|One of the local rescue boats|
Years ago, way BC (before kids) we succumbed to the allure of one of these magical, hysterically fun little craft, and had an absolute ball fanging around in it. On occasion we were pulled over by the Water Police, not so much for acting irresponsibly (good grief, of course not!), but because it seems to be expected that the owners of such craft are likely to flout regulations like carrying PFD's (personal floatation device - aka life jacket), flares and things like that which the police happen to consider are extremely important. Being little Goody Two Shoes, we always had the requisite bits and bobs, I suspect much to the chagrin of the coppers!

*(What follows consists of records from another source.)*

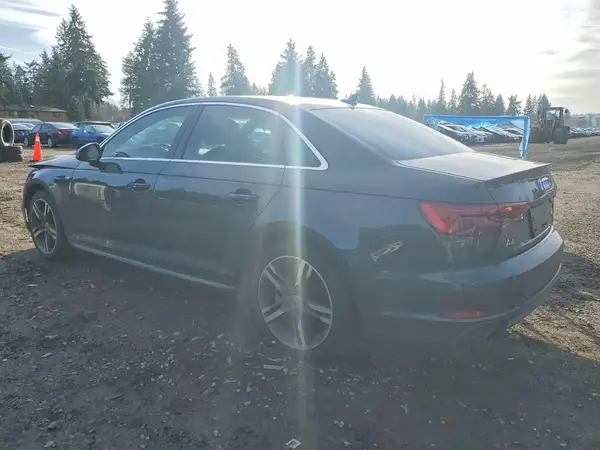 WAUENAF4XHN072021 2017 AUDI A4 - Image 2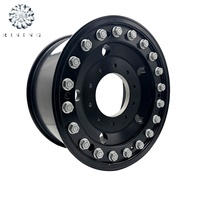 Jantes anti-explosion Beadlock F500 550 150 350 de 16, 17, 18, 20 pouces à haute capacité de charge, personnalisées, directement de l'usine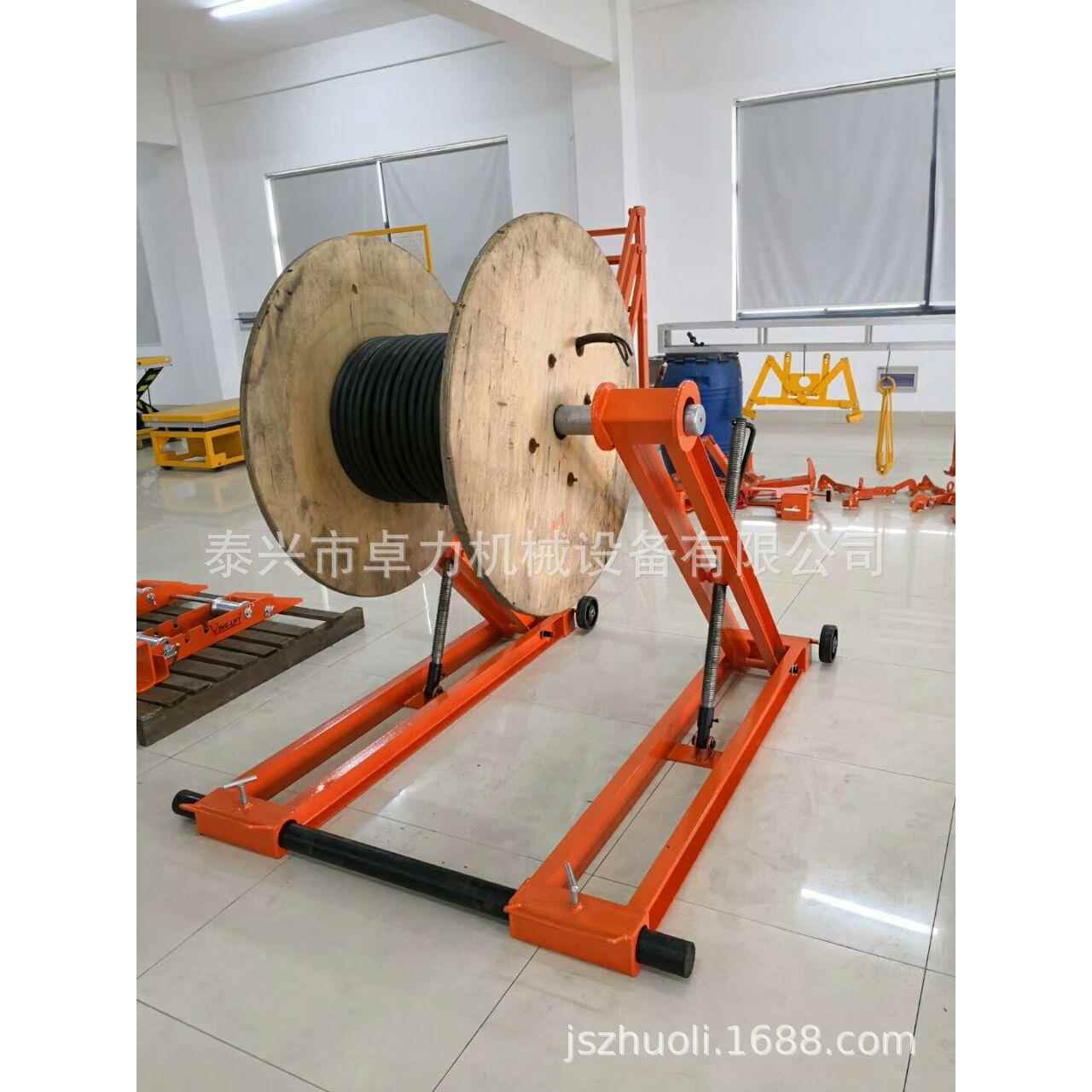 绕线机放线架排线放线架图片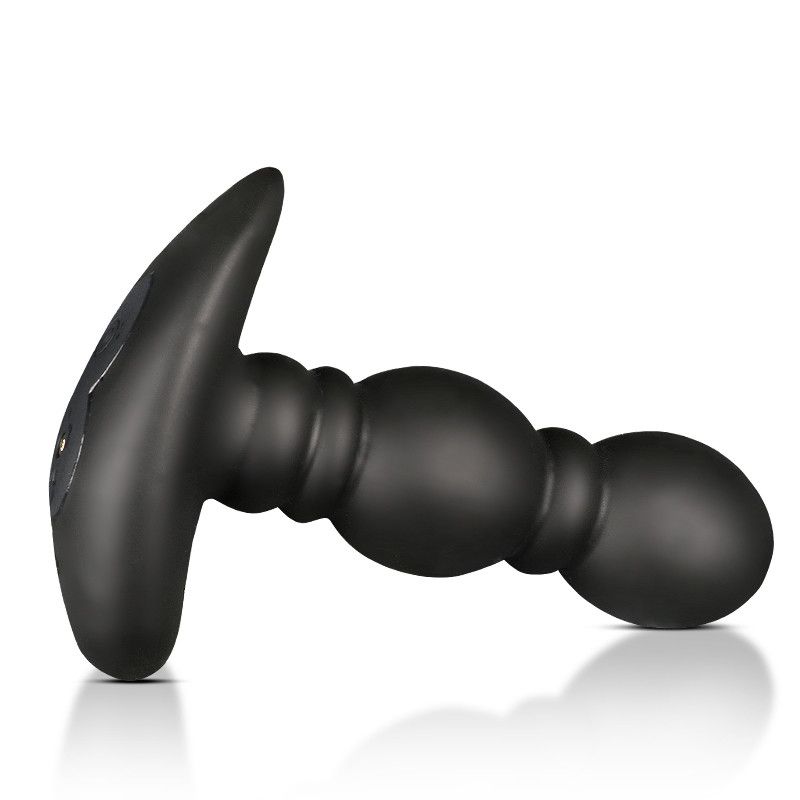 Electric Inflatable Butt Plug Male ExpansionProstate Massage
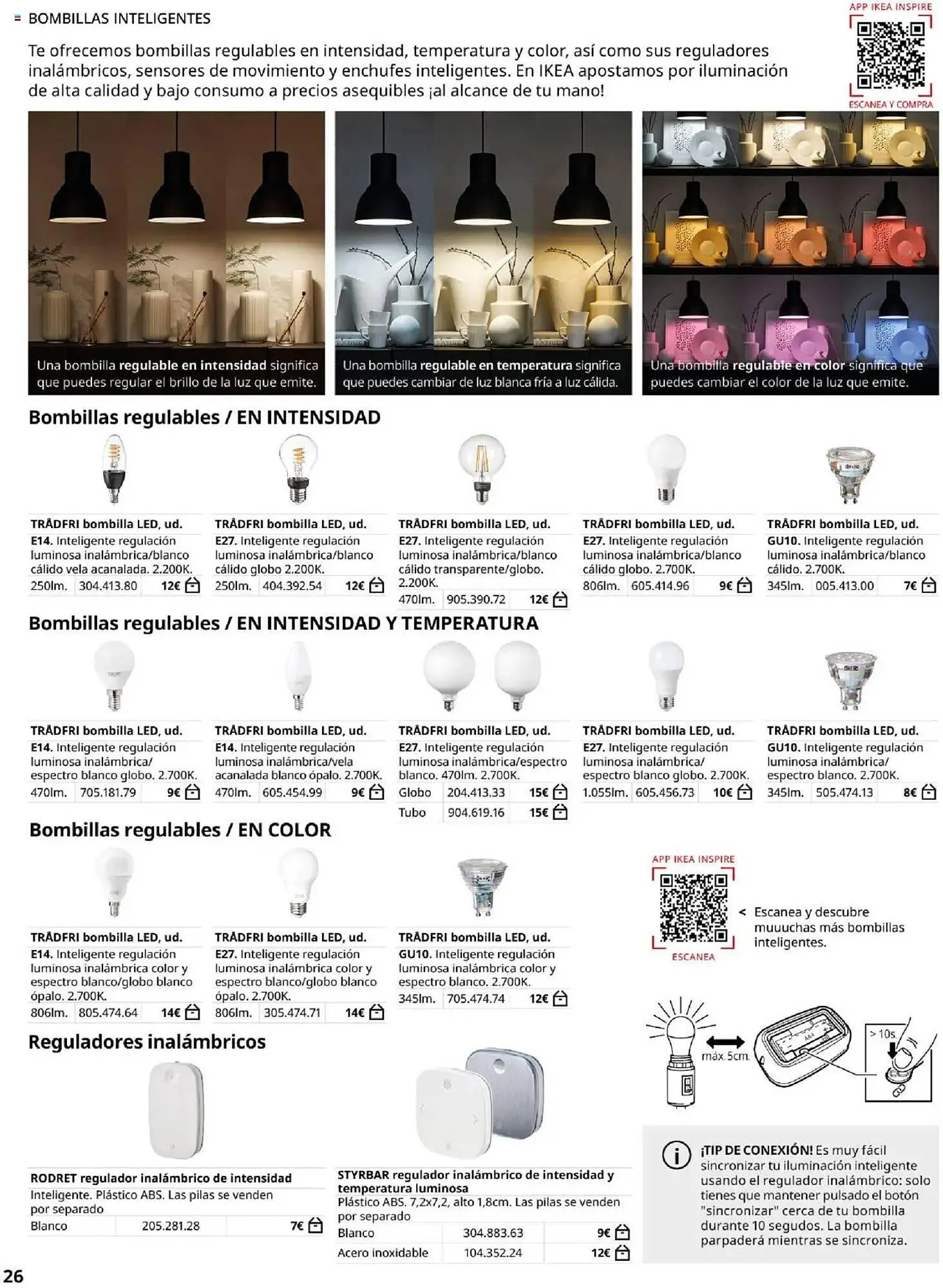 Catálogo de Folleto IKEA 1 de septiembre al 31 de enero 2026 - Página 26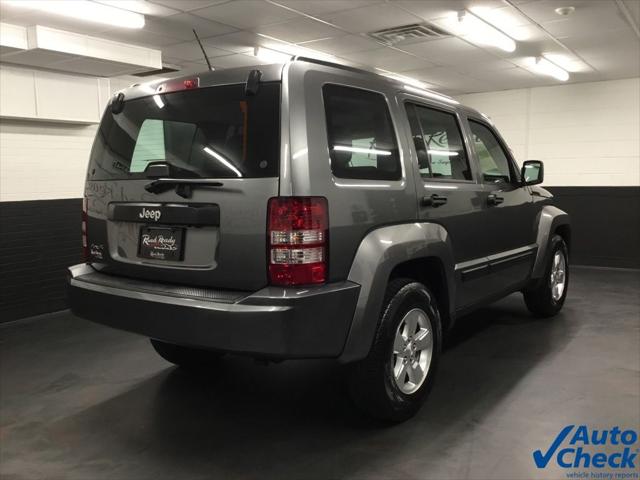 2012 Jeep Liberty Sport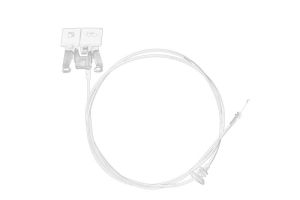 Linka otwierania pokrywy silnika 65621JD000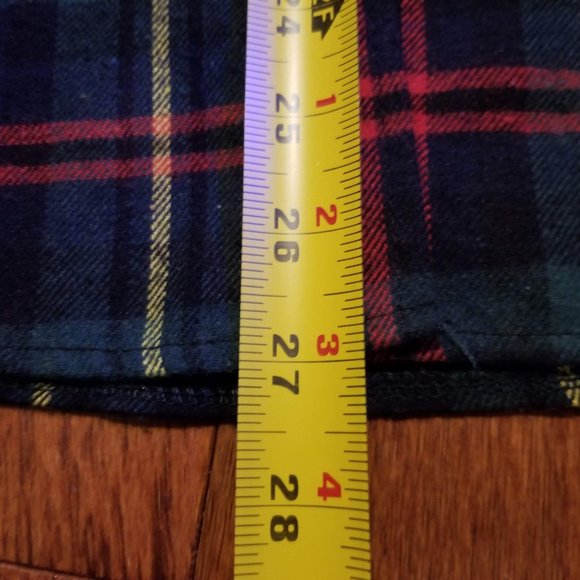 Flannel shirt, youth XXL - Picture 7 of 8
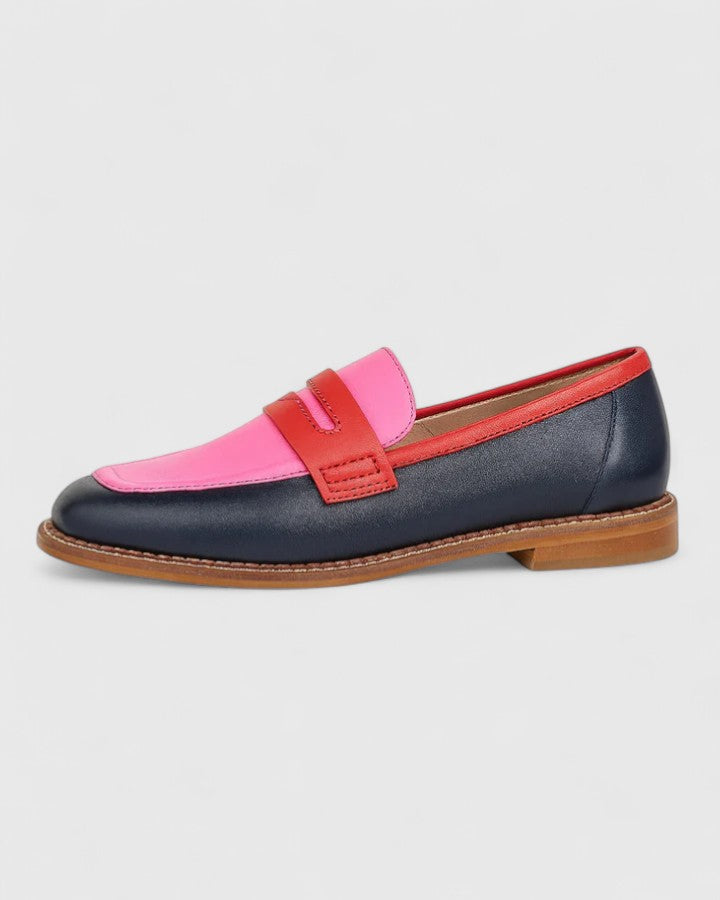 Mocasines elegantes sin adornos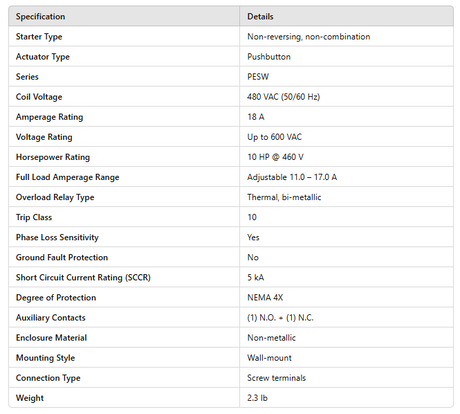 PESW-B18D39AX-R66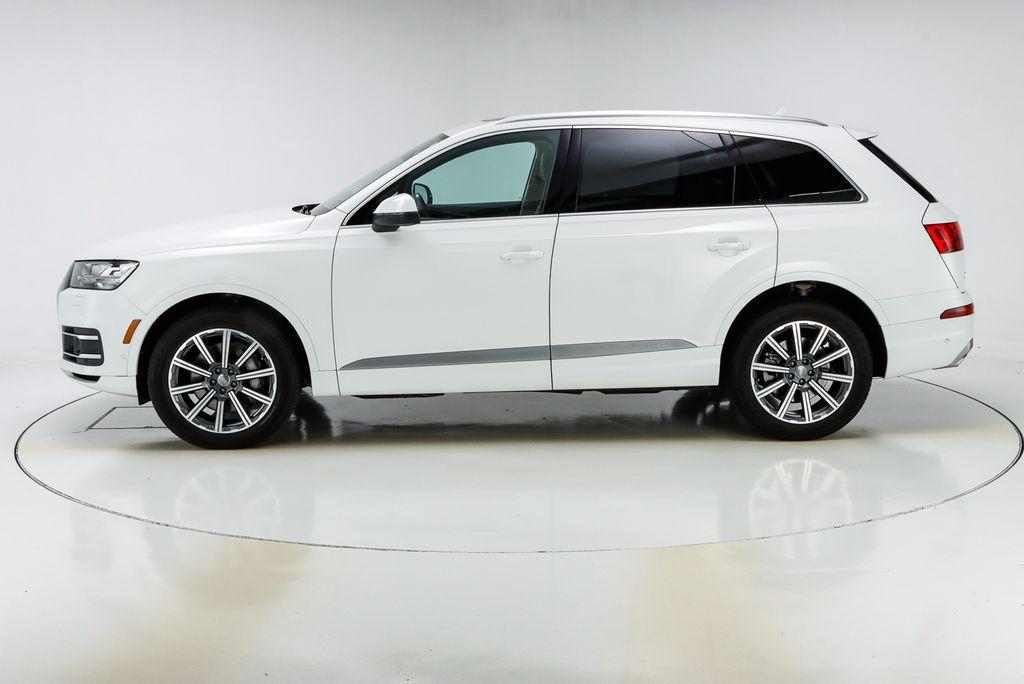 used 2019 Audi Q7 car, priced at $24,182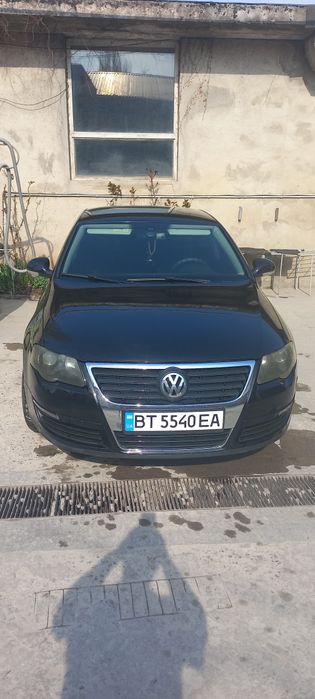 Авто  PASSAT B6  2.0 fsi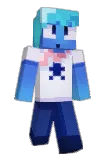 Ikim_neko Minecraft avatar full body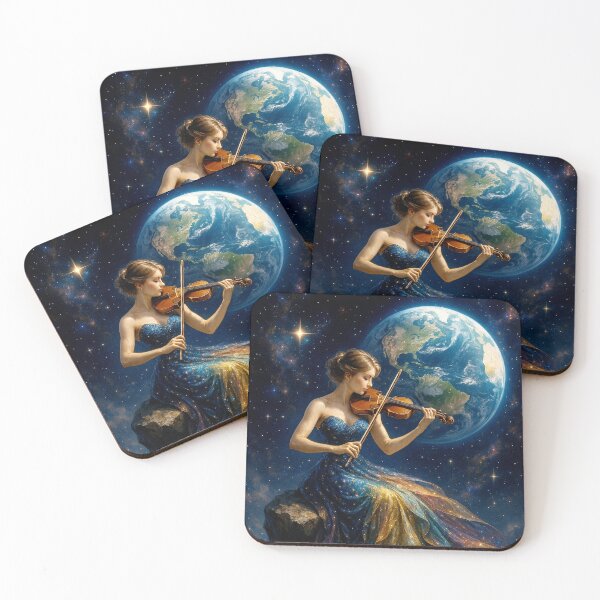 Item preview, Celestial Serenade designed and sold by RinWinArts.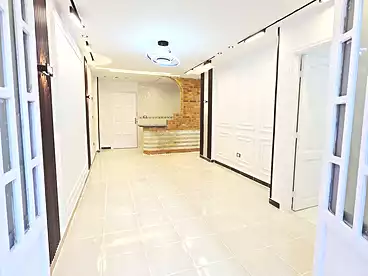 شقق للبيع في شاطئ النخيل - ٦ اكتوبر، العجمي، 120 متر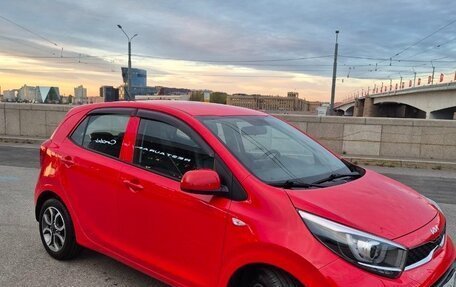 KIA Picanto III рестайлинг, 2022 год, 1 700 000 рублей, 25 фотография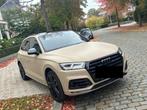 Audi sq5 abt tuning 420 pk, Auto's, Automaat, Overige kleuren, Leder, 5 zetels
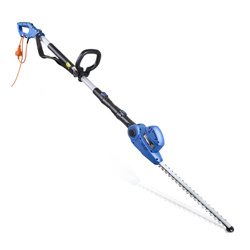 Hyundai HYPHT550E 45cm Electric Long Reach Hedge Trimmer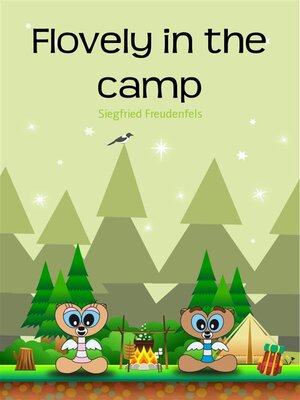 cover image of Flovely in the camp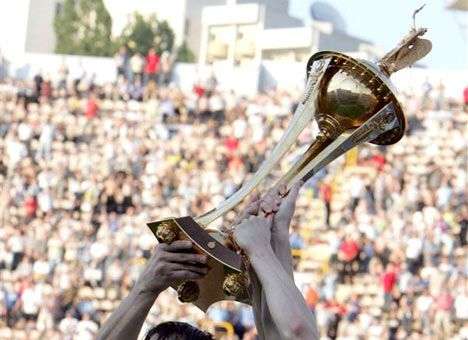 Кубковый ступор федерации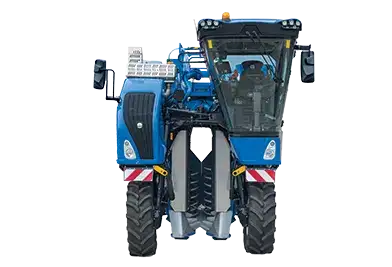 Grape Harvester Automation & Sensing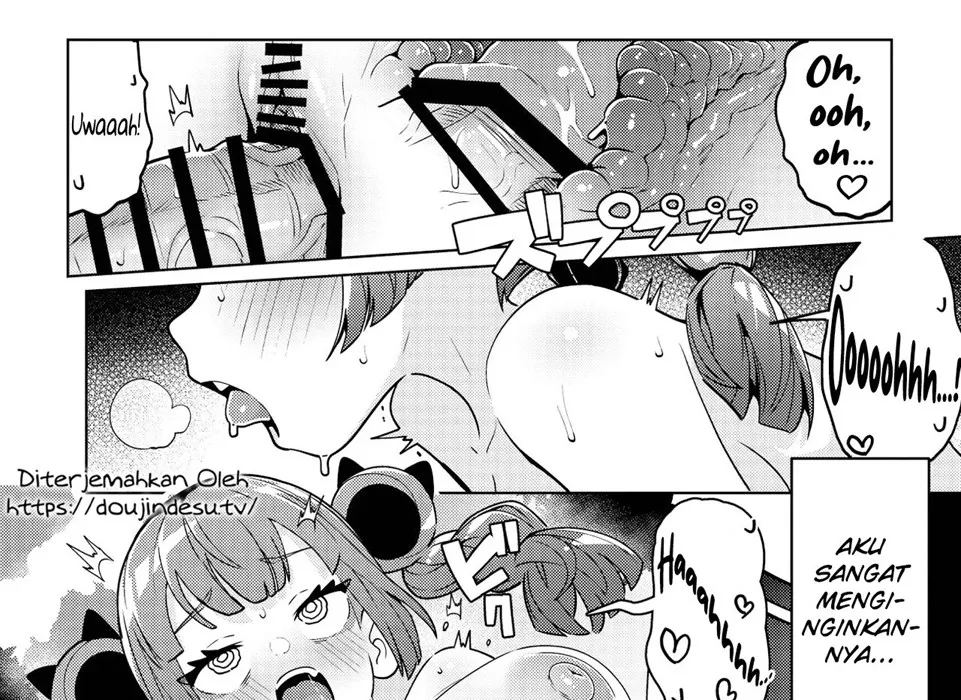 Coral-chan no Warudakumi Chapter 1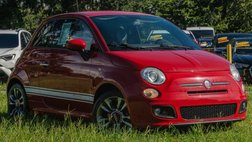 2015 Fiat 500 Sport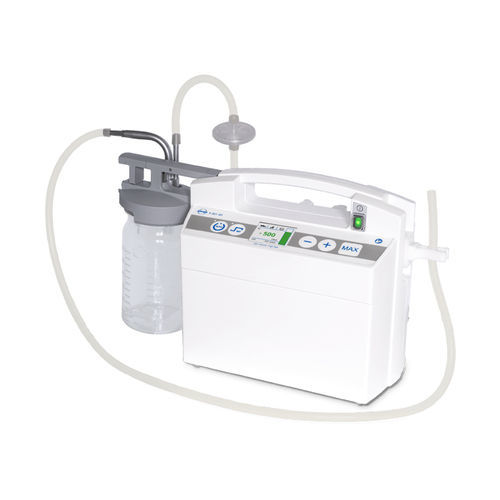 电动手术吸引器 - S 351 OT - ATMOS MedizinTechnik - 手术引流清创 / 便携式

However, there was one occasion when we kind of bit off more than we could chew ... well, only one occasion for the purposes of this post ;)
|Seal Rocks are to the right of the mound (The Nobbies) on the horizon|
My cousin, lovely boy that he was, decided that it would be interesting to get out of the boat and see what a seal looked like from closer quarters. Hmmm. Is this a good idea? They're big. They have harems. They can get rather grumpy and chase off interlopers in an aggressive kind of way. Did I mention they're BIG? Really big!
"No worries" says Cuz, "She'll be right"- and off he goes scrambling awkwardly over the unfriendly black rocks.
He lasted for oh, I'd guess about 30 seconds...
It's fair to say I've never seen anyone move so fast and for all intents and purposes enact the classic cartoon manoeuvre of running through the air. The massive bull seal was outraged and determined to see off the interloper who was clearly after his harem! The noise!!! OMG He was furious and letting every being with kilometres know that he meant business!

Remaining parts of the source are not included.